╭──

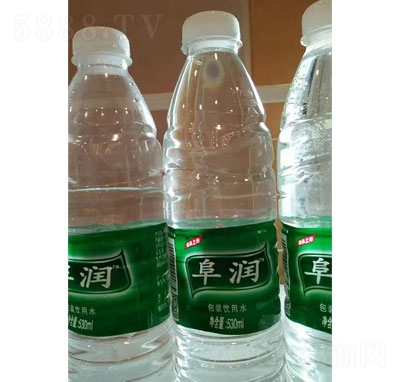 bˮ530ml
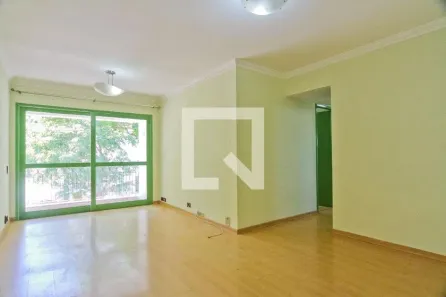 Apartamento com 3 Quartos à venda, 94m² no Vila Ester (Zona Norte), São Paulo
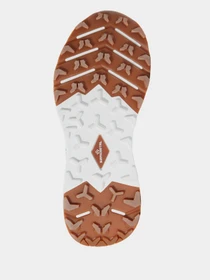 Кроссовки The North Face  Vectiv Hypnum модель NF0A4PFLLA91 Фото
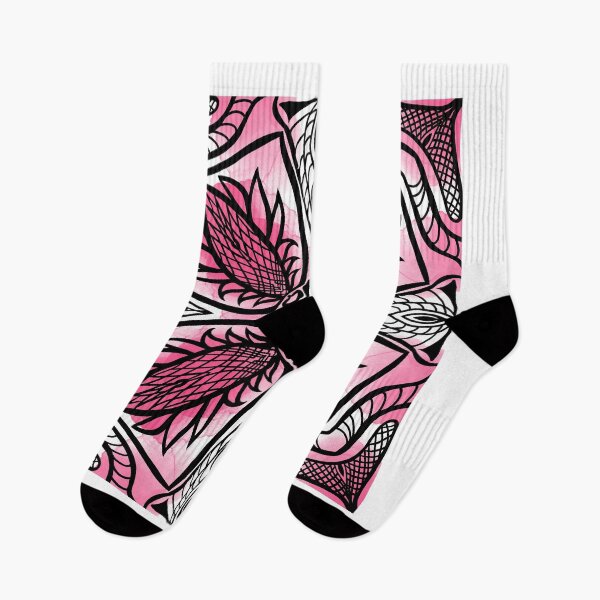 Item preview, Mandala, Floral Patterns, Botanical Patterns designed and sold by saimzgraphics.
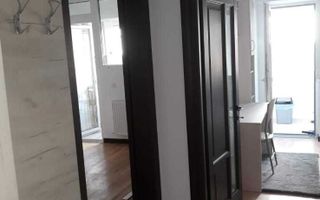 Apartament 2 camere de închiriat, Păcurari – Complexul Răsărit de Soare, Iași - Poză 2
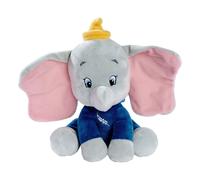 Peluche Disney Cheeky Romper Dumbo 25 cm
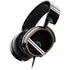 NFL Los Angeles Chargers Shutout SteelSeries Arctis 5 Skin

╰──

Directions: The entries above are to be copied exactly, with every picture left out.

Task solution:
 bˮ530ml
 Apartamento com 3 Quartos à venda, 94m² no Vila Ester (Zona Norte), São Paulo
 Кроссовки The North Face  Vectiv Hypnum модель NF0A4PFLLA91 Фото
 Item preview, Mandala, Floral Patterns, Botanical Patterns designed and sold by saimzgraphics.
 Apartament 2 camere de închiriat, Păcurari – Complexul Răsărit de Soare, Iași - Poză 2
 Peluche Disney Cheeky Romper Dumbo 25 cm
 NFL Los Angeles Chargers Shutout SteelSeries Arctis 5 Skin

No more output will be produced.